The museum does a good job of talking about Jimmy’s life. He went to the Naval Academy and became an engineer on submarines. He traveled the world with Rosalynn and expected to have a career in the military. When his father died, however, he decided he could make more of a difference in people’s lives by going back to Georgia and being a peanut farmer. He served on the Plains School Board and worked to integrate the schools. He worked for voting rights for all people. Looking back on that time he wrote, “Racial segregation was like a millstone around the necks of all Southerners. It held us down and it created schisms among our citizens that were mutually damaging.”
In 1962, Jimmy Carter ran for State Senator. He lost in the Democratic primary because of blatant and unapologetic stuffing of the ballot box. He proved blatant election fraud in court and won the election. Georgia law was changing at the time. Previously Georgia had doled out the number of votes per county limiting the number of people who could vote to white people. The Supreme Court ruled this unconstitutional. Obviously, each person should be able to vote, and black people in Georgia went to the ballot box in record numbers.
Jimmy Carter became known as a person who listened to all people, regardless of their color. In 1971 he was elected as Georgia Governor. In 1977 he became President of the United States on a largely populist, grass-roots movement. I especially enjoyed the videos of the “Peanut Brigade:” the people who went from door to door campaigning for Jimmy. One woman told about going door to door during a blizzard in New Hampshire. Everyone was home. She didn’t know she should have been off the road because they don’t have blizzards in Georgia!
Jimmy Carter only served one term as President of the United States. Ronald Reagan defeated him. But since then, Jimmy and Rosalynn have worked tirelessly for peace and justice in the United States and in the world. They live in Plains where Jimmy teaches Sunday School most weeks at the Maranatha Baptist Church. Jimmy and Rosalynn pose for pictures with anyone who asks after church.

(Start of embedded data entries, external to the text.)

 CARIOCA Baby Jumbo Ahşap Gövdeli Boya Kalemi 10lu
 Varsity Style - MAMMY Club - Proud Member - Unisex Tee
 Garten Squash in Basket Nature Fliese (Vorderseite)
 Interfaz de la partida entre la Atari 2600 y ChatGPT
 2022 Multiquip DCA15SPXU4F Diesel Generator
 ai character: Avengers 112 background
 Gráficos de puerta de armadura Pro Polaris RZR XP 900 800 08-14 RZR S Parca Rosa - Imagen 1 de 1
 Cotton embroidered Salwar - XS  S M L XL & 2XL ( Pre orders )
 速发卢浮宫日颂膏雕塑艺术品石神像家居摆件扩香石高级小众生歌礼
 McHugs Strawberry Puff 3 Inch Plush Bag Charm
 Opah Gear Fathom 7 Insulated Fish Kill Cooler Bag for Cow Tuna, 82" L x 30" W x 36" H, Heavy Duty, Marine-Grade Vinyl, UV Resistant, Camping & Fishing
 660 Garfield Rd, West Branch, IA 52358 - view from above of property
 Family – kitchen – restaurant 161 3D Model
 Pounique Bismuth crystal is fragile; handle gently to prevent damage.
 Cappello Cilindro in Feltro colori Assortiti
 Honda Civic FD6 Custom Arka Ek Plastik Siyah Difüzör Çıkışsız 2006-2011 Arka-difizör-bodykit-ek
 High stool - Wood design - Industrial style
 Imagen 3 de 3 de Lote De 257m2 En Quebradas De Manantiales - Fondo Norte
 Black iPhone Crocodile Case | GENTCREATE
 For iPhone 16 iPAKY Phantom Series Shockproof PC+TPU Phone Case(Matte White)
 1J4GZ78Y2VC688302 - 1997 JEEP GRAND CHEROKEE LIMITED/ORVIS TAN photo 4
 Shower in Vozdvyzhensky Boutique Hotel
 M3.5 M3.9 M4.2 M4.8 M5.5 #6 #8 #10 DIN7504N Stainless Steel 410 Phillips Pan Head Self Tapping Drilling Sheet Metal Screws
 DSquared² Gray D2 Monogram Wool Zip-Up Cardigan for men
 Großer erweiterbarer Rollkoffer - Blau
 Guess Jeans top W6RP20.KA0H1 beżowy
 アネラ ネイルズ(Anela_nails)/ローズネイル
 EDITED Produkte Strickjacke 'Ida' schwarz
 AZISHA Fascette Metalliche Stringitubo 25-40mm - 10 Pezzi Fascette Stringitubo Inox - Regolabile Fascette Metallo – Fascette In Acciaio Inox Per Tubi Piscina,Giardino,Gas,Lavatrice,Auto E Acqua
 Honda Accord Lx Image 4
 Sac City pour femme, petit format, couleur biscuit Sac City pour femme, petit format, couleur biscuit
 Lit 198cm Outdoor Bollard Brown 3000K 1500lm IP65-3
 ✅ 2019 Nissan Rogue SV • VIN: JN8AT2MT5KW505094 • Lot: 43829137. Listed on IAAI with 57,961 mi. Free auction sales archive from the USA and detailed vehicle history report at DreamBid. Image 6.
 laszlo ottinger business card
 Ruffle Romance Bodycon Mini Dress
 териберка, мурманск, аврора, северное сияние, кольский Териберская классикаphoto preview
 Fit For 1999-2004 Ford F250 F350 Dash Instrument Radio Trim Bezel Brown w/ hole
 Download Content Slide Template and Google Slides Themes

After exploring the museum, Tom and I headed to the Carter boyhood home, just down the road. Earl and Lillian Carter owned the farm from 1928 until 1949. The farm looks like it did when Jimmy grew up there. There are even a couple of mules outside the barn. A ranger was serving boiled peanuts and so I tried one. Salty!
Tom and I enjoyed our trip to the Jimmy Carter National Historic Site. We learned a lot about two people that I admire for what they have done in their lives beyond the White House. Jimmy and Rosalynn Carter are people of deep integrity who have dedicated their whole lives to God’s service. Despite being in their 90’s, they continue to work to further the Kingdom every day.